## Task to complete
All the data below goes into the copy word for word, but the pictures don't.

## Information provided
◆ ◆ ◆ ◆
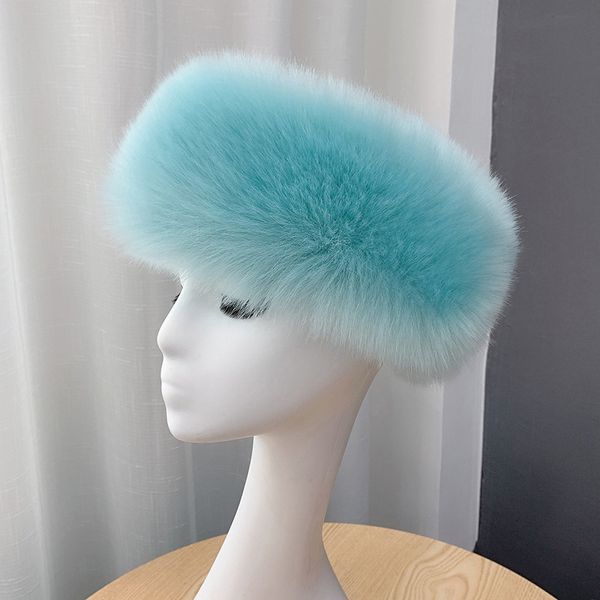 

beanie/skull caps winter hat for women men faux fur cap elastic ear warmer hollow cap fluffy thicken headband bomber snow beanie soft 230822, Blue;gray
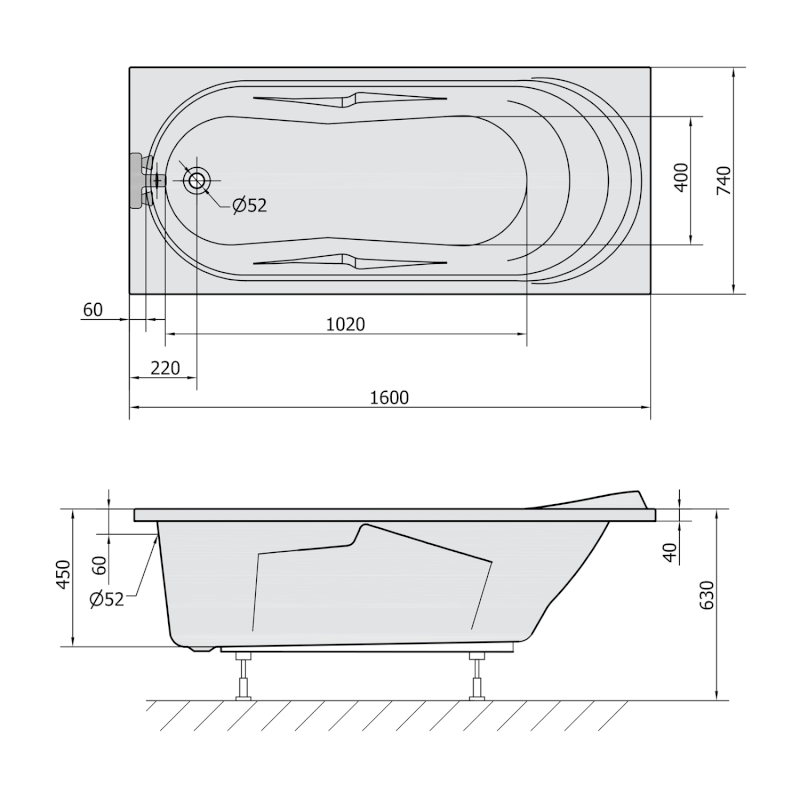 ADRIANA obdélníková vana 160x74x45cm, bílá 43111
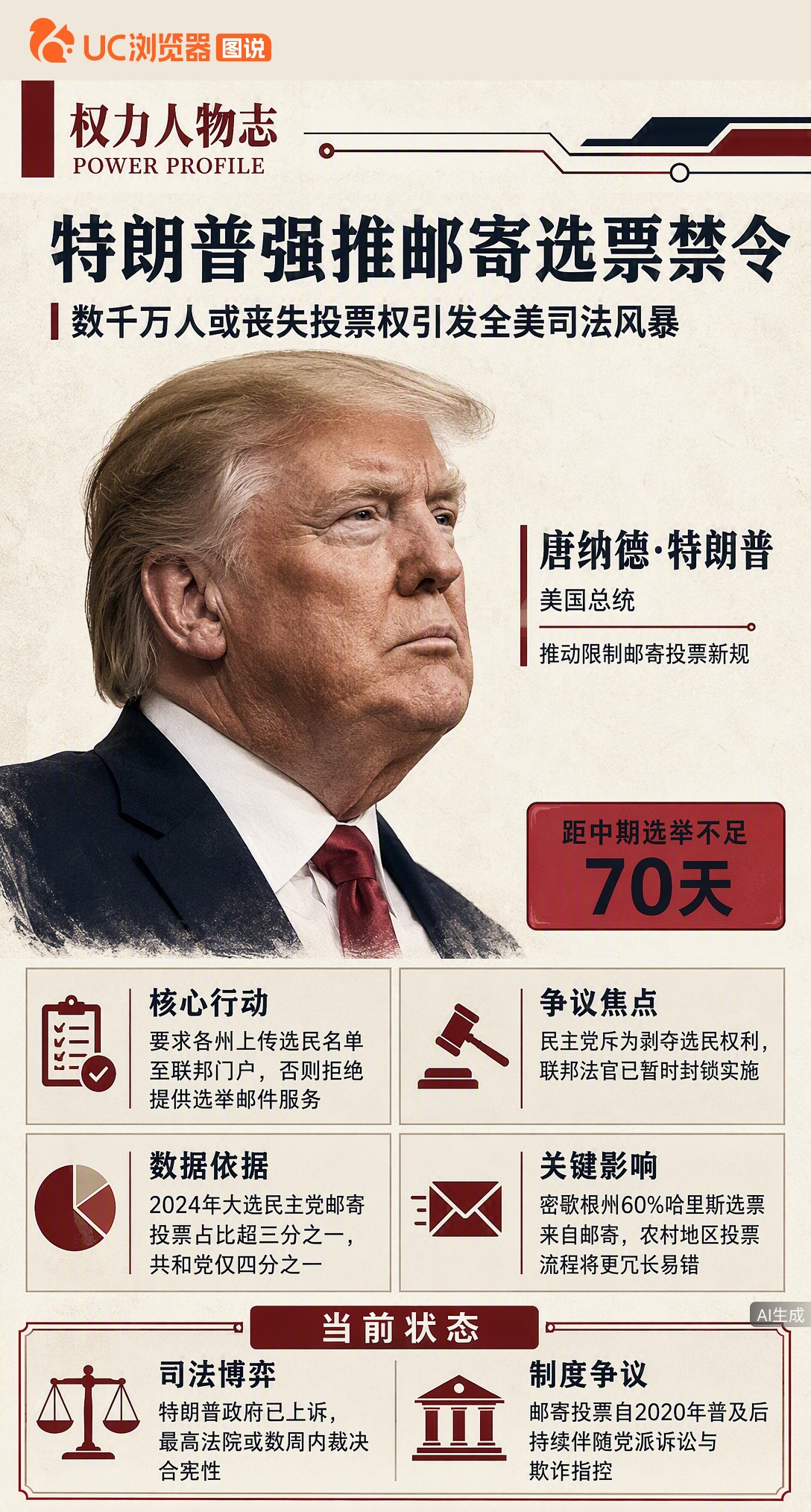 特朗普强推邮寄选票新规，被指精准削减对手票仓。联邦法官已紧急叫停，但政府随即上诉，最高法院或几周内裁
◆ ◆ ◆ ◆
## Result
beanie/skull caps winter hat for women men faux fur cap elastic ear warmer hollow cap fluffy thicken headband bomber snow beanie soft 230822, Blue;gray
 ADRIANA obdélníková vana 160x74x45cm, bílá 43111
 特朗普强推邮寄选票新规，被指精准削减对手票仓。联邦法官已紧急叫停，但政府随即上诉，最高法院或几周内裁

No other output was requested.